Monday, April 12, 2010

Long Live Mayakovsky

Mayakovsky committed suicide on 14 April 1930 at age 36. His death prefigured the end of creative freedom in Soviet Russia, and the beginning of a deadly new phase in Stalinist repressions against the peasantry. Mayakovsky was a force of nature, a poetic whirlwind that somehow encapsulated the frenzied, optimistic essence of the Soviet Revolution. When he wrote, he still believed that a new, unspoiled Soviet readership was in the process of emerging from centuries of tsarist oppression.
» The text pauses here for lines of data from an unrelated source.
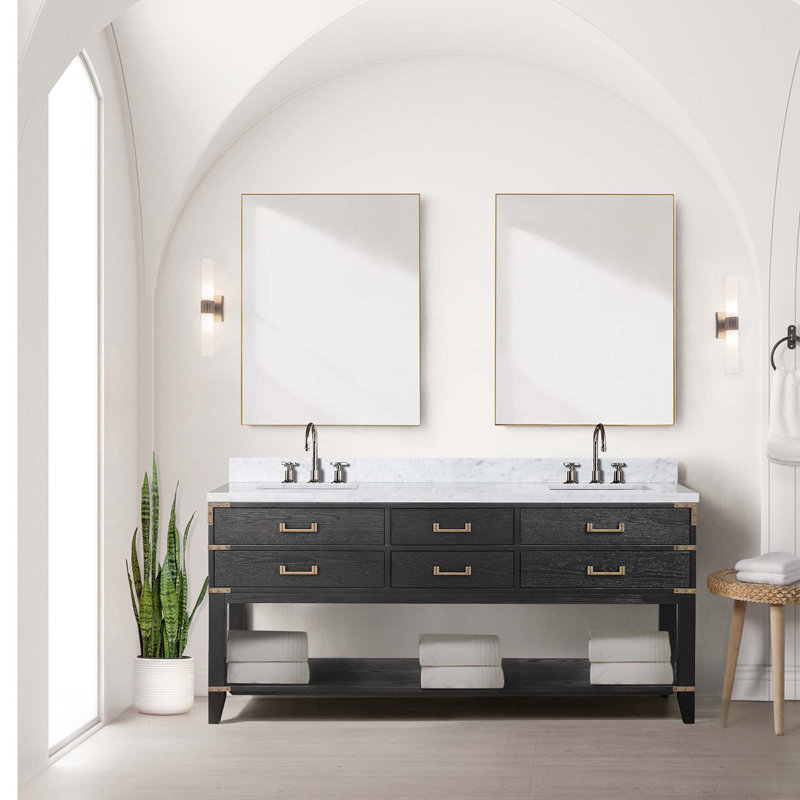 Meuble-lavabo double avec miroirs et tablette ouverte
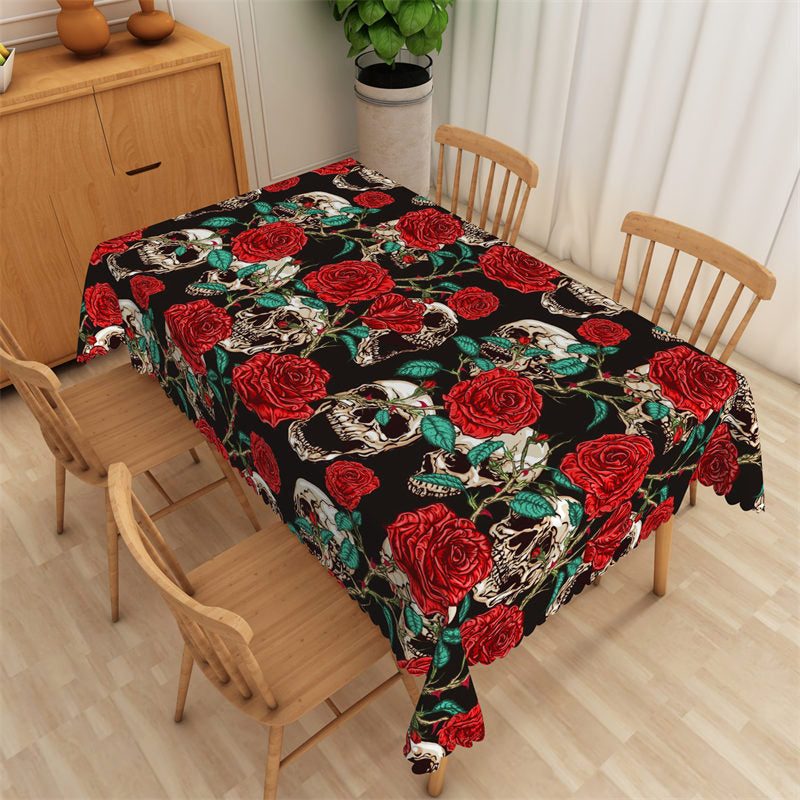 Lofaris Ghastly Red Rose And Skull Halloween Tablecloth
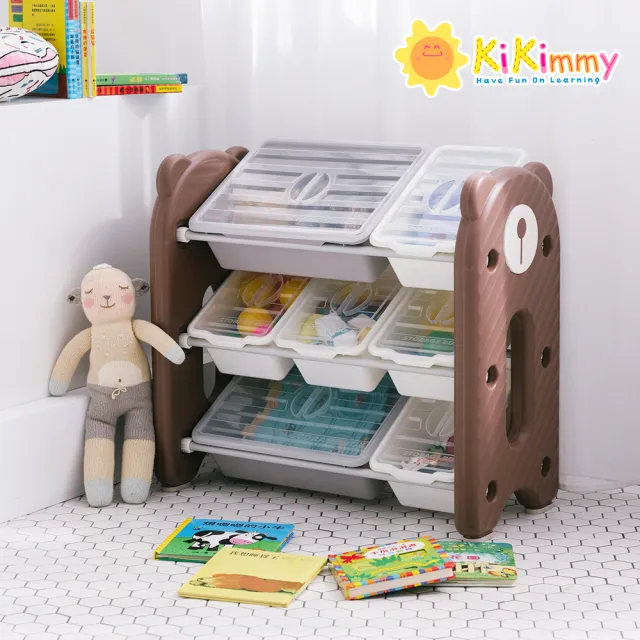 【kikimmy】多功能三層防塵收納架/附蓋 68cm(兒童收納/防塵收納架/玩具收納)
Mayakovsky was a poet, artist, activist, playwright, proto-punk performance artist, political criminal, revolutionary, and sex symbol. Poems don't always translate all that well, but Mayakovsky's poems are given legs by Michael Almereyda's new book, Writings by and about Mayakovsky. Almereyda has placed a few of Mayakovsky's greatest poems---filled with what became known as the "Mayakovsky I"--next to short commentaries by his friends and peers, including Vicktor Shklovsky and Boris Pasternak and Maxim Gorky. The poems are witty, disjointed, socialist, self-aggrandizing, fun, mocking, and always creative.

In one short sketch, a peer remembers how Mayakovsky delivered his prose, with masculine power and drama--his every word a challenge or comic insult to his audience. Mayakovsky's poetry was original and thoroughly modern, and the author remembers how Mayakovsky outwitted everybody in the audience who dared to challenge his claim to represent Russia's artistic future (he was, after all, a Futurist). Almereyda's book also highlights Mayakovsky's artistic powers (he created brilliant advertising campaigns for early Soviet goods) and imposing physical presence: the photos reveal a tall, handsome, swaggering, ever-changing, sensual personality.

The poetry is good, but Mayakovsky the man was pure fun and excitement. This Mayakovsky, brash lover of women, socialism, mechanical things, and modernity, is what the Soviet Revolution was all about, at first. Mayakovsky is dead! Alas, so too is the next generation of brilliant poet performance artist-revolutionaries, like Beatnik Alan Ginsburg.